David Hansen asks: "I want to see what problems other Slashdot users have had with @Home restricting their service. We all know that they block the SMB ports, and probably for good reason. But did you know that they won't let you access certain other machines on the @Home network? And why don't they mention any of this in their acceptable use policy? My mother and father are both @Home subscribers in the same city (different subnets). I have Linux boxes acting as firewalls in both places which cannot ping or otherwise contact each other. I can ping them both from an outside location. I discovered this and the SMB thing the hard way. What else doesn't @Home want us to do? Do other ISPs do this also? BTW, I can reach @Home users who are in other cities." I've noticed that ISPs have been filtering lots of ports in the event that users will put up servers. Do you feel that ISPs should make a list of ports that they filter available to their customers?

3 of 46 comments (clear)

  1. Broadband Restrictions by Anonymous Coward · · Score: 3

    I am in Australia, and the broadband providers here have even more restrictions. You can only connect two other machines via NAT, no servers, etc. Why can't we have a internet service that says "here's your IP number, here's 1.5 mb/s down and 0.5 mb/s up, do whatever you want with it". Somehow I don't think that is going to happen. What we need is a totally free and noncommercial internetwork for the people. You would just share the costs. 10 or 15 100BaseT cables along the streets. I have heard of some small towns doing this. Anyone got the URLS? David Findlay nedz@bigpond.com

  2. Upload caps by adamsc · · Score: 3

    The single biggest restriction: transfer rate caps. 1.5-2 years ago, my transfer rates peaked at 10Mb in / 5Mb out; these days it's usually 1-2Mb in / .012Mb out. The worst part is that that 12KB cap is a hard limit; while the only server I ever ran (back when they allowed you to I had my personal web and email servers) probably transfered 5MB per day, I used to really like the ability to transfer large (10-100MB) files between home and work.

    They've thrown away the huge lead over the DSL providers they used to have in San Diego; on the bad days the service feels worse than ISDN. I'd switch if anyone else offered service in my area.

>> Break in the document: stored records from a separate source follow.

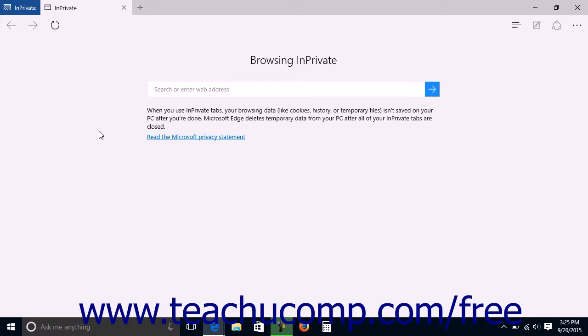You can tell if you are using an InPrivate window by the blue InPrivate label shown in the upper left corner of any InPrivate window opened within Microsoft Edge.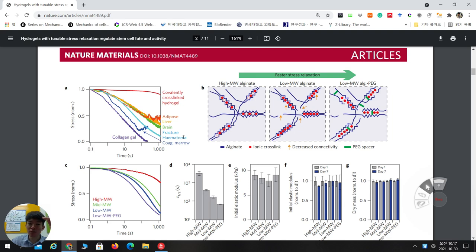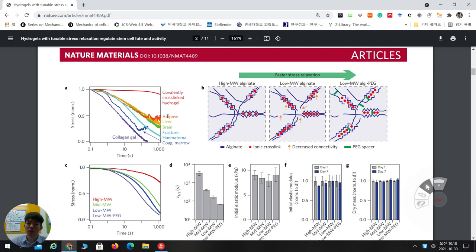But in the case of tissues from the original body — like adipose, liver, brain, fracture hematoma, bone marrow, and collagen gel — the resisting force goes down. Up to 1000 seconds, some liver and brain tissues obtain almost 50 percent of the initial stress. In the case of collagen gel, just 10 seconds later the stress diminishes to half. This shows that covalent cross-linked hydrogels never match the stress relaxation behavior of original body tissue.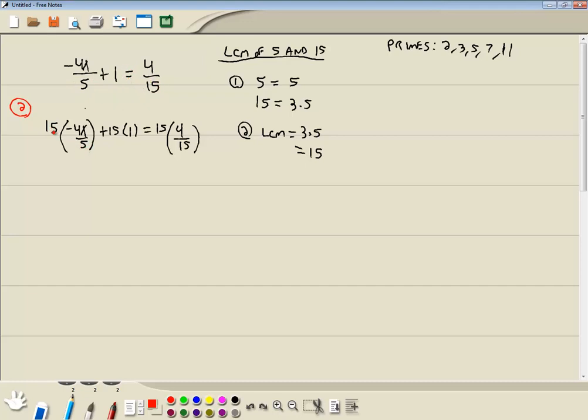Okay. 5 and 15 are both divided by 5. 5 divided by 5 is 1. 15 divided by 5 is 3. 15 and 15 are both divided by 15. 15 divided by 15 is 1. 15 divided by 15 is 1. If all of your denominators have disappeared at this point, that means it worked. You multiplied it by the right LCM, or at least a common multiple.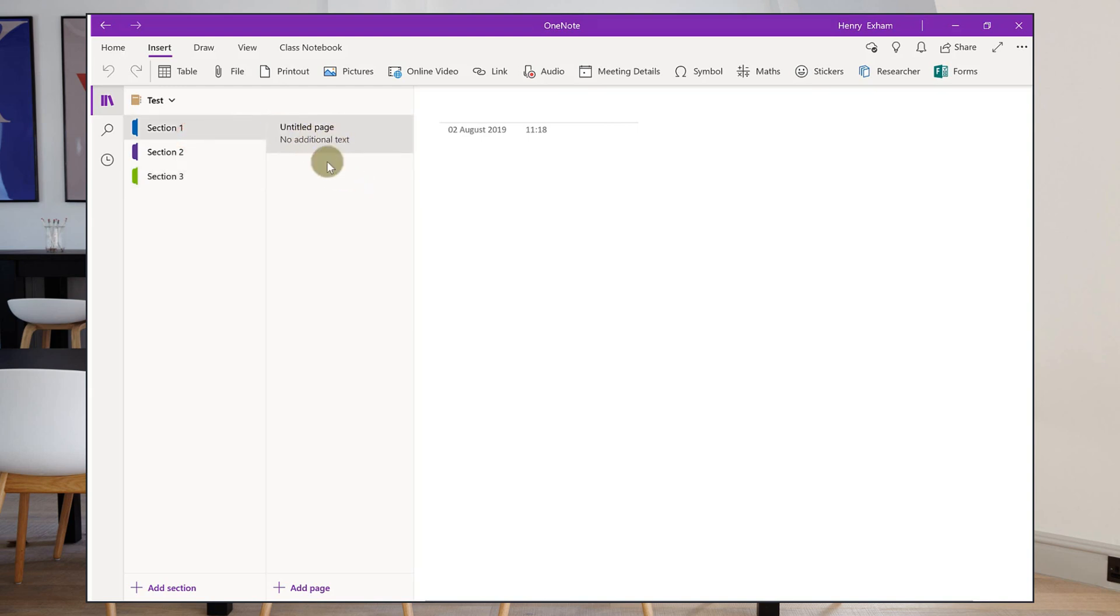And then within each section I have pages and these are basically like individual pages of a notebook or pieces of A4 if you're keeping a paper file. So in section one I've got a page already started here, untitled page. To give it a title, I just click at the top here. And I'm going to call it test page one.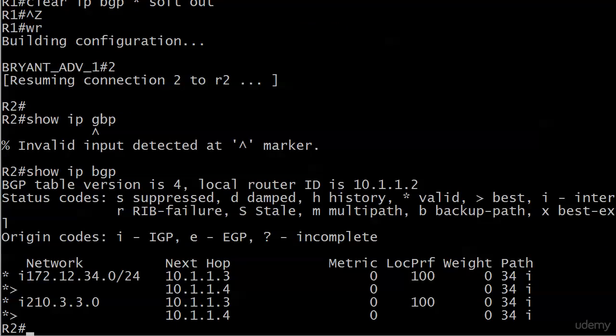Nothing tricky, the same way that they advertise the 172 network and we've got a next hop as we expect of .4 for router 2 for the valid and best route. The next hop with .3 is considered valid.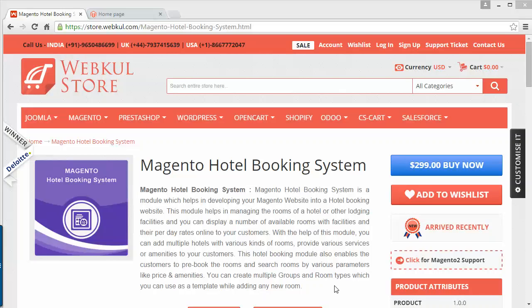Hello everyone, here is a new video of the Magento hotel booking system. In the previous video I showed how admin can easily manage this hotel booking system from the admin panel and how admin can book rooms for customers. In this video I'm going to show you how customers can visit your website and book rooms for themselves.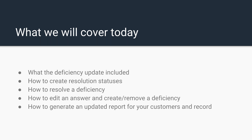We're going to go over what the deficiency update included in the backend and how you can apply it to your process. I'm going to show you how to create resolution statuses — a great way to keep track of where your deficiencies are, visible to you in the backend, technicians in the field, and your end users as well. I'll go over how to resolve a deficiency, how to edit an answer and create or remove a deficiency, and how to generate an updated report for your customer and as a record for you.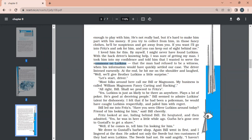Bill led the narrator into Fritz's shop and asked, 'Have you seen Lutkins around here today?' Fritz hesitated and then said he thought Lutkins had gone over to Gustaf's to get a shave. Gustaf's is the barber's shop — please underline that. So they went to Gustaf's barber's shop. Again Bill went in first, and the narrator lingered at the door. The lawyer was not smart enough — he was letting Bill take the lead.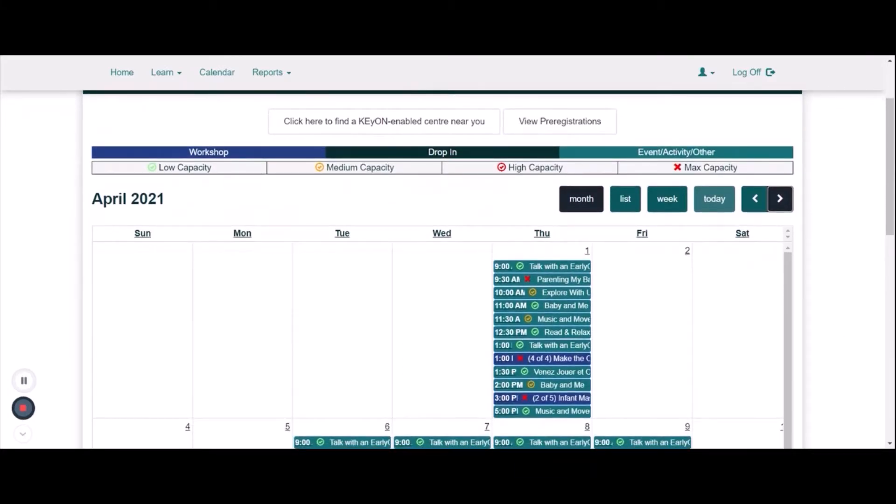Teal programs are regular programming. Blue programs are workshops. Black programs are in-person drop-in programming. A green checkmark means that the program has full availability.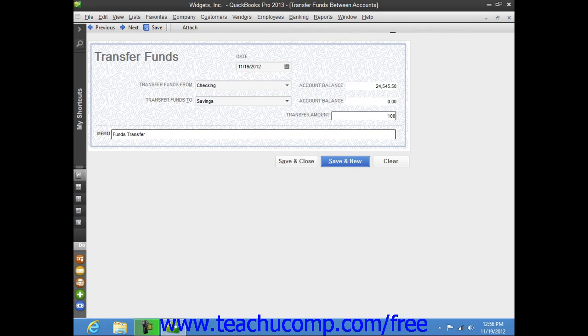When you are ready to save the transaction, click the Save and Close button to finish the funds transfer and close the window.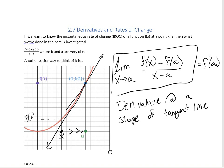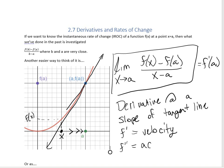One last thing: if f is a position function, then f prime would be its velocity. Now, if you take the derivative of the derivative — so if velocity tells you how fast something's going — the rate at which speed changes is called acceleration. By the way, sometimes these are called v(x) or v(t) and a(x).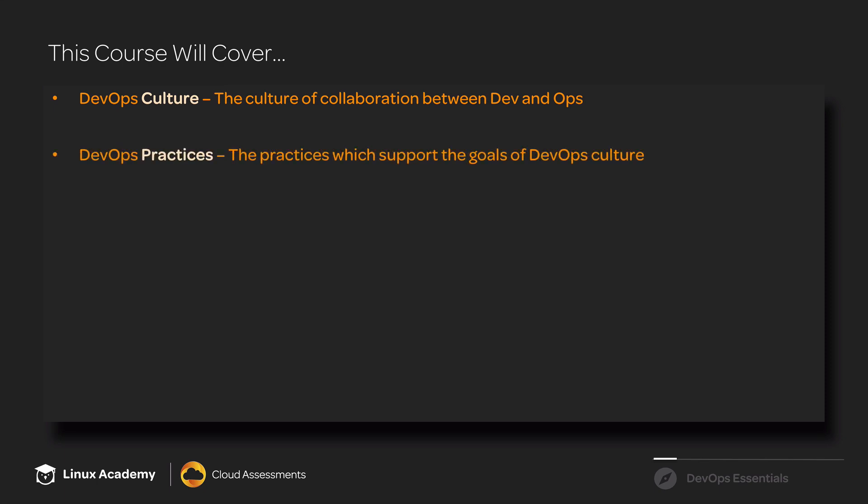Then we will talk about some DevOps practices - things like continuous integration, server orchestration, monitoring, and some of the other practices that have grown out of the DevOps cultural movement.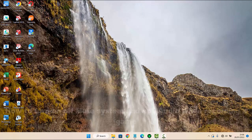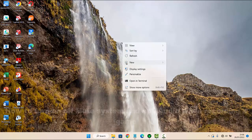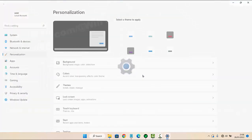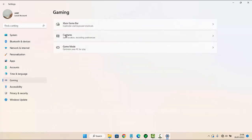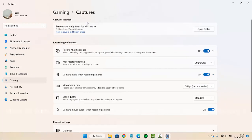Right-click on an empty area on the desktop and then select Personalization. Next, click or tap Gaming, select Captures, and then tap 'Capture audio when recording a game'.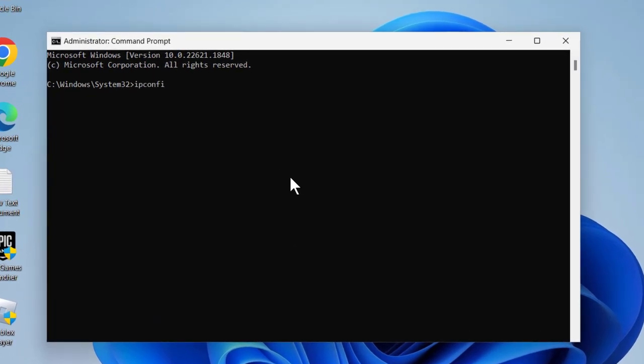Ipconfig space slash flushdns. Ipconfig /flushdns. Press enter guys.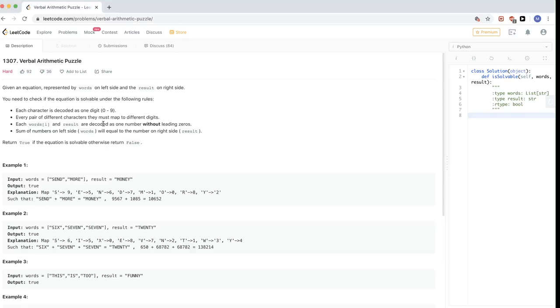Hello, continuing on this LeetCode contest 169, the last problem, 1309, Verbal Arithmetic Puzzle.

    Amazingly, they even enforce that 12KB/s cap on outbound transfers for business accounts. Pay them $300/month for a connection and you can get *twice* the performance of your old modem.

  3. Re:I run a server off @home... by adamsc · · Score: 3

    I'm just amazed nobody has realized that arbitrary restrictions annoy people. My mail or web server probably use several orders of magnitude less traffic than a single person playing something like Quake online.

    Rather than whining about people running MP3/porn/warez servers and annoying all of the people who weren't abusing things, they could just set a daily or monthly transfer limit beyond which you'd need to switch to a different service plan. That's the really amazing thing - there's no way to remove the cap or get it set higher short of switching to another ISP. You'd think they would be interested in a way to get people to pay more for service they can easily deliver.